### Material to process

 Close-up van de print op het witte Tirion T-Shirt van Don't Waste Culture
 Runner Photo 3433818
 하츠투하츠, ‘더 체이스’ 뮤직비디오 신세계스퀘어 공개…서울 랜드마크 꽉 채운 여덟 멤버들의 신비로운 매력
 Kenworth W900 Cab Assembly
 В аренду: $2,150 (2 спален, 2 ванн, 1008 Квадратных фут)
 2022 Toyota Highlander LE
---
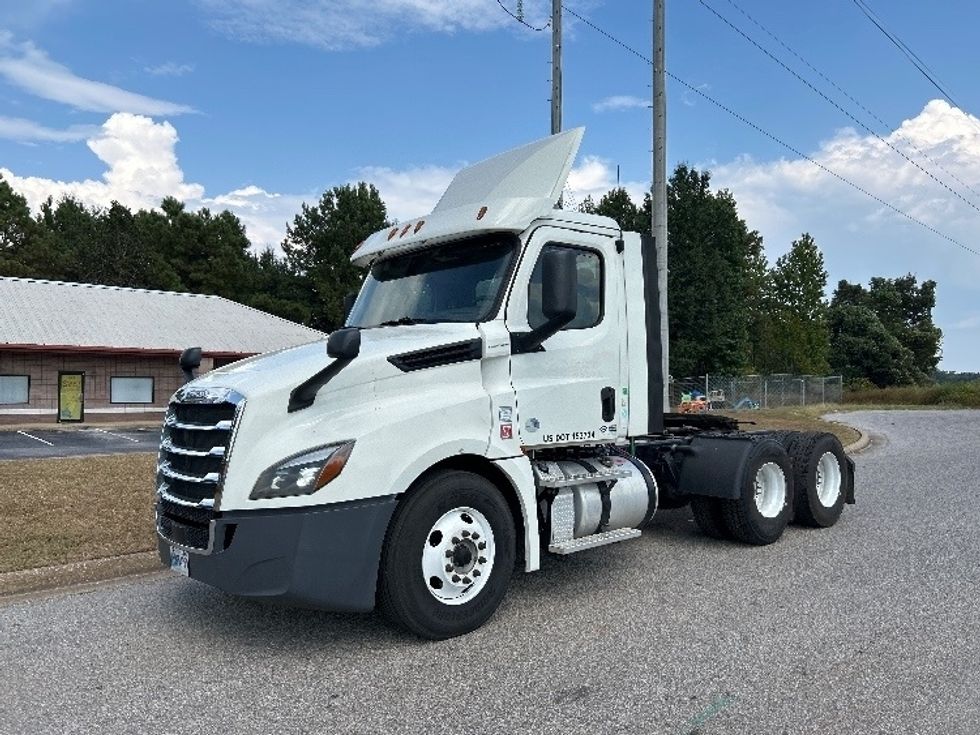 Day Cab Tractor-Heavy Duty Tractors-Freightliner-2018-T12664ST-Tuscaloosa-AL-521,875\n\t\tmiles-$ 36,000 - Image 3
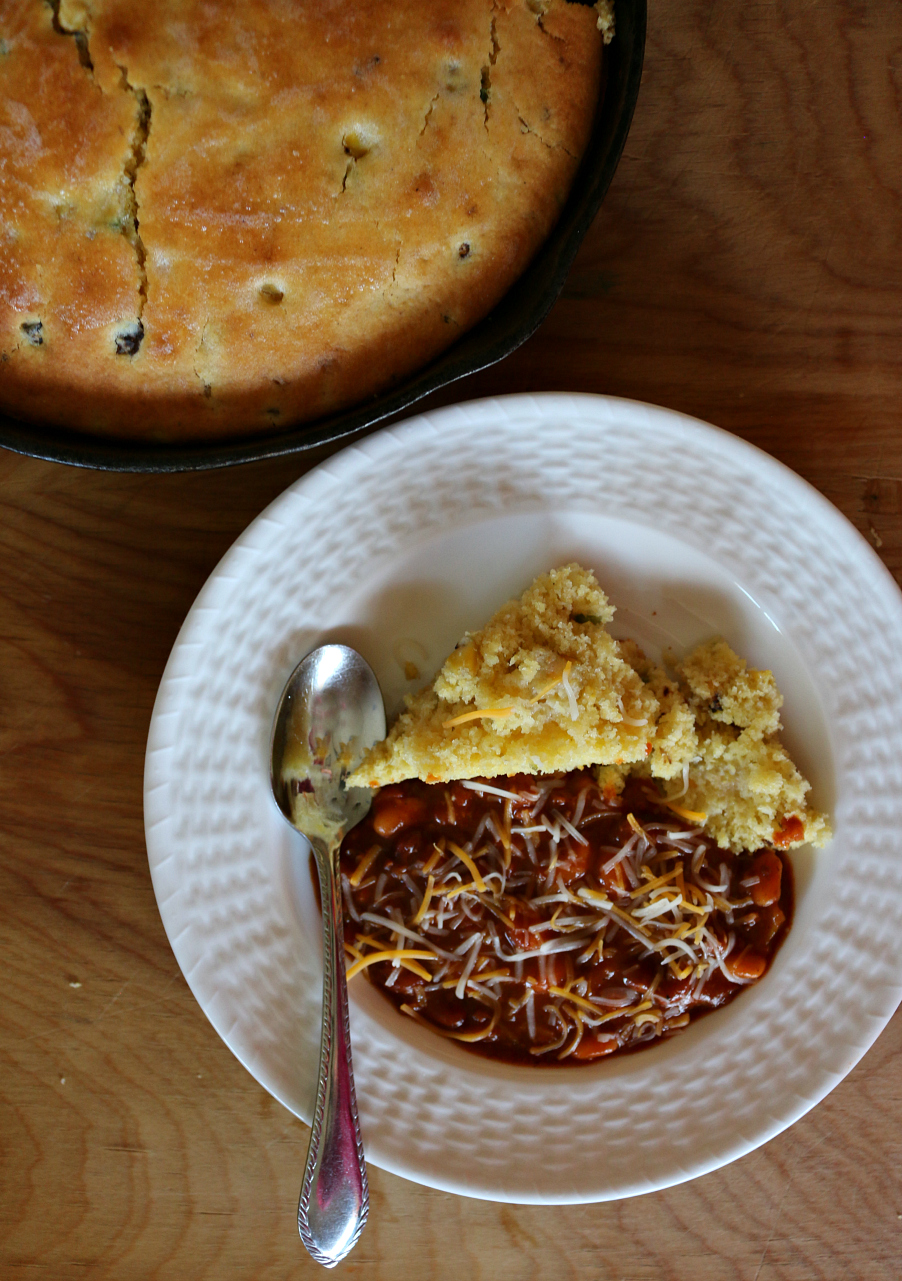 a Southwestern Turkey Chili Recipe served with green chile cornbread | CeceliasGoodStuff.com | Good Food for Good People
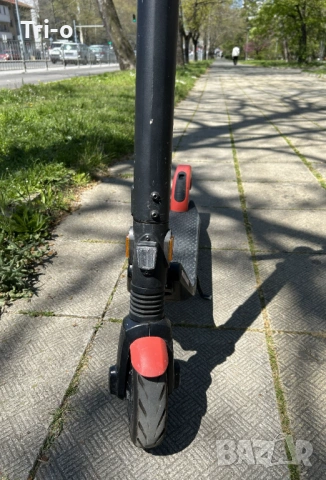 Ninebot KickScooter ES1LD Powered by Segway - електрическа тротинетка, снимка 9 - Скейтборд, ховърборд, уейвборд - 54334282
* * *
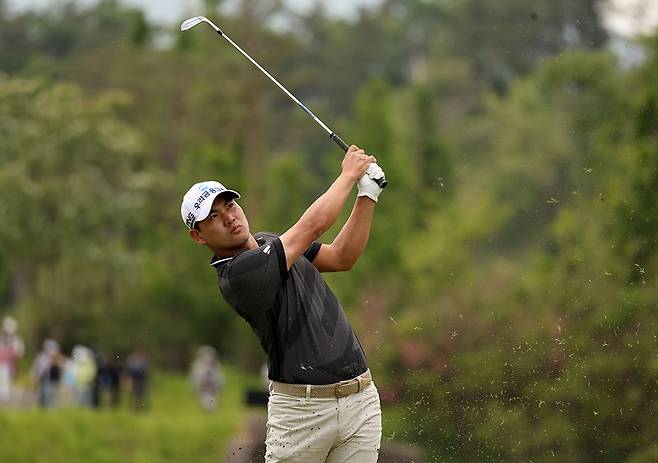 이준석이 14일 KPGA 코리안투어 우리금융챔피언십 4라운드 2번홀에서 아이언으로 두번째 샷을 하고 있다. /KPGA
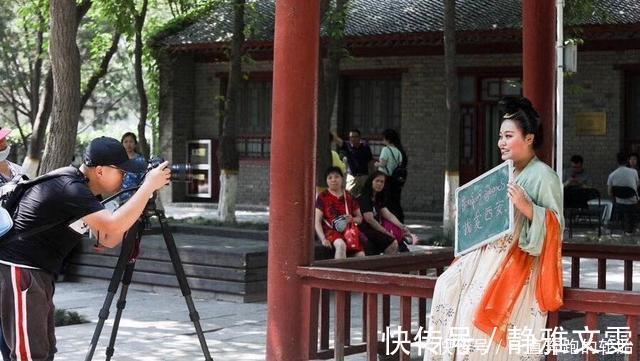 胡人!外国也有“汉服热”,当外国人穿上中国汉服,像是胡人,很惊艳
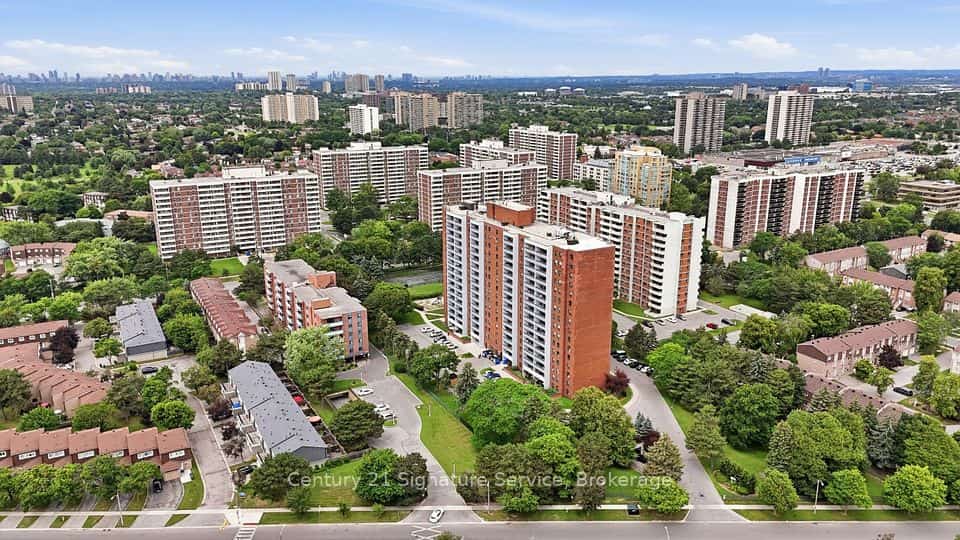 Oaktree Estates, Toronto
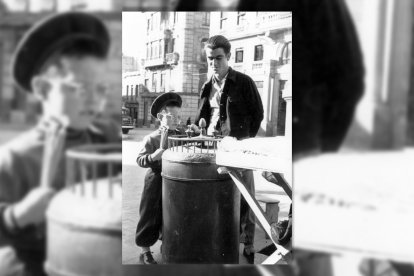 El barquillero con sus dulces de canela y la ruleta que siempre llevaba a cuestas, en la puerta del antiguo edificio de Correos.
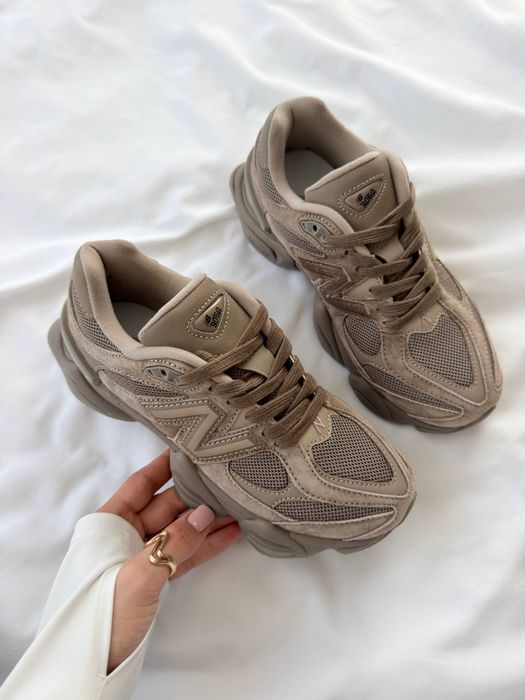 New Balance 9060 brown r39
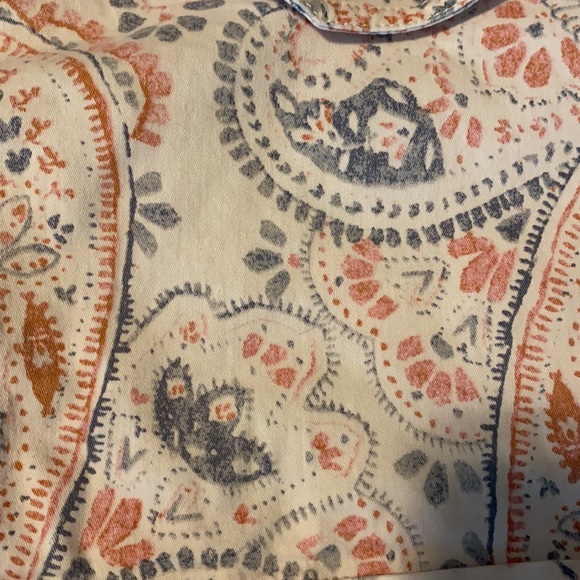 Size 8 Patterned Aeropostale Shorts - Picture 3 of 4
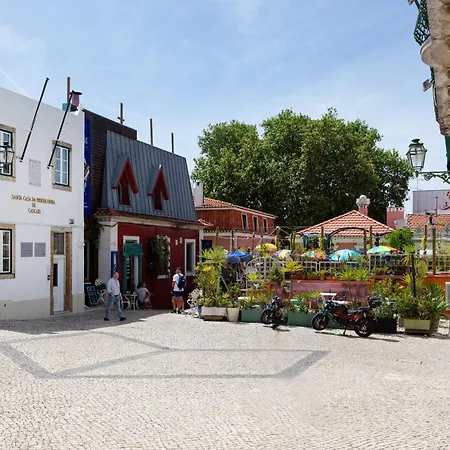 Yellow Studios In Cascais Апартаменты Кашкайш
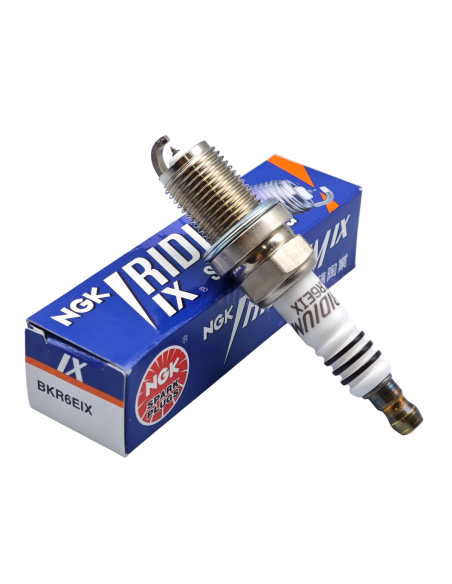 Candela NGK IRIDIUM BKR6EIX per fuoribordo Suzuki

### Your task
In the listing above, find the line with "Yellow Studios In" and the line with "Candela NGK IRIDIUM". Copy exactly those lines and all between them, minus the images.

### Result of the exercise
 Yellow Studios In Cascais Апартаменты Кашкайш
 Candela NGK IRIDIUM BKR6EIX per fuoribordo Suzuki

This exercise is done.